Practical steps to implement segregation of duties with hoop.dev
- Define clear role groups in your identity provider (for example, LangGraph‑Designer and LangGraph‑Operator).
- Deploy the hoop.dev gateway near your LangGraph service using the getting‑started guide. The gateway runs as a container and communicates with an agent that resides on the same network as the LangGraph runtime.
- Register the LangGraph endpoint as a connection in hoop.dev, specifying the credential that the gateway will use to talk to the engine. Users never see this credential.

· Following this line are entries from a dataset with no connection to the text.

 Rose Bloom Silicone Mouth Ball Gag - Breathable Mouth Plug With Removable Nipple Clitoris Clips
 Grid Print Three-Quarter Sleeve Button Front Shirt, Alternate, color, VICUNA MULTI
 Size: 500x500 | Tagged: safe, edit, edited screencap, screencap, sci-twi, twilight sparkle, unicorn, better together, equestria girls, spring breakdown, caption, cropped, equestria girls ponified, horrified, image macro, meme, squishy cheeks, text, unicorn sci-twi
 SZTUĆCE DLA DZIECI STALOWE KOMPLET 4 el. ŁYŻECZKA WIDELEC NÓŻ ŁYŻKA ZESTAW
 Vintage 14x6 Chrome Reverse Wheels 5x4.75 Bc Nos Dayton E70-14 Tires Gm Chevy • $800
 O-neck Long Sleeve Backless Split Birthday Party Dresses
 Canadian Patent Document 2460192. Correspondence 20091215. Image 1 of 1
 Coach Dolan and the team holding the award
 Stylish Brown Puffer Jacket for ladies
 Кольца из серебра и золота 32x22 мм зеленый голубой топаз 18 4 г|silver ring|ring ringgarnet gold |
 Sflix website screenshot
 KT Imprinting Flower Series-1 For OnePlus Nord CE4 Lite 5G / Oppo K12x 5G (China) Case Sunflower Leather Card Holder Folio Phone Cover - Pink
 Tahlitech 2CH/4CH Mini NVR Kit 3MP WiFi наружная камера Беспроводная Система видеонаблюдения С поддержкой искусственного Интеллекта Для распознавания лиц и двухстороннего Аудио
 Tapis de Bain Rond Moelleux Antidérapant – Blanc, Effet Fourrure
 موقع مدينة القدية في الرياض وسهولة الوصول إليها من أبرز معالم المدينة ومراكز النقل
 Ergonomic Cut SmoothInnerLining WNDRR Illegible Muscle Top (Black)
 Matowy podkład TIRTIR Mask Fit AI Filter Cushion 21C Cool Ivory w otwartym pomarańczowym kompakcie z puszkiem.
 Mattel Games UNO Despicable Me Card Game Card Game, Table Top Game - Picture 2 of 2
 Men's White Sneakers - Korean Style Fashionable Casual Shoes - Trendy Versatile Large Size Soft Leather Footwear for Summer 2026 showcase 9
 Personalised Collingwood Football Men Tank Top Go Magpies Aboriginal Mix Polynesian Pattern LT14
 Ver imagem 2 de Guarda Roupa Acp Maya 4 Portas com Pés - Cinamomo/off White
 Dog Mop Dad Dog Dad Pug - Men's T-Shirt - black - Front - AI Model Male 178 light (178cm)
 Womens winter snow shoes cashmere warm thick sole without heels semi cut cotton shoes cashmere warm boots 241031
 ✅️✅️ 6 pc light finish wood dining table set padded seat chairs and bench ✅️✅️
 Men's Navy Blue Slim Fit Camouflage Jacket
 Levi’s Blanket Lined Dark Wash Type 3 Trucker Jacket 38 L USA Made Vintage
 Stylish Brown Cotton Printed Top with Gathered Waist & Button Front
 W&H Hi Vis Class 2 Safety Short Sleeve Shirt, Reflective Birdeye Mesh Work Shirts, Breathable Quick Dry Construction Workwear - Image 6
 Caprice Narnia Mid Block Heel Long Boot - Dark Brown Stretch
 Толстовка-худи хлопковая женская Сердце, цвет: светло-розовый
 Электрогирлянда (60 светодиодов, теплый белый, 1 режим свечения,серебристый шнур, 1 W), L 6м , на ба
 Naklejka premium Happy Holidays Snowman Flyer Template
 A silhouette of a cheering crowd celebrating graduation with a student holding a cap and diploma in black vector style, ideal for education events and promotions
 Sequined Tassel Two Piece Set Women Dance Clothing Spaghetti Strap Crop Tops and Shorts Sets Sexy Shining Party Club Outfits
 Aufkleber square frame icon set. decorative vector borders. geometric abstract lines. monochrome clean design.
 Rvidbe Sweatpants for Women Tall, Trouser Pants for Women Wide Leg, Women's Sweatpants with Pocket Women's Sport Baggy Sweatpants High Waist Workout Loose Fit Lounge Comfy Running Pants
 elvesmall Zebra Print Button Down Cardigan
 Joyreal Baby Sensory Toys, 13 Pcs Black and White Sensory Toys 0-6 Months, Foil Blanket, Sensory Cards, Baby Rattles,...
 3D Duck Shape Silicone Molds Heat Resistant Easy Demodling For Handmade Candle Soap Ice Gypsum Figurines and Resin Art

- Configure a policy that maps each role group to the subset of graph nodes it may invoke. Enable just‑in‑time approval for nodes that interact with external systems.
- Turn on inline masking for fields that contain secrets or personal data. hoop.dev will redact those values before they leave the gateway.
- Verify that session recording is enabled. The recorded logs can be inspected in the hoop.dev UI or exported for downstream analysis.
- For deeper guidance on policy design and masking options, explore the hoop.dev learning portal.
With these steps in place, the separation between designers and operators becomes enforceable, and every privileged action is either approved, masked, or blocked before it can cause harm.
Frequently asked questions
Do I need to change my existing LangGraph code?
No. hoop.dev works at the protocol layer, so your existing LangGraph client libraries continue to function unchanged. The only addition is the network endpoint that points to the hoop.dev gateway.
Can I audit past executions?
Yes. hoop.dev stores a replayable session for each request, allowing you to reconstruct exactly what was sent to and received from the LangGraph engine.
Is the solution open source?
Yes. The entire gateway is MIT licensed and available on GitHub.
By placing a policy‑enforcement gateway in the data path, organizations can finally achieve true segregation of duties for LangGraph workflows, turning a risky open‑ended system into a controllable, auditable service.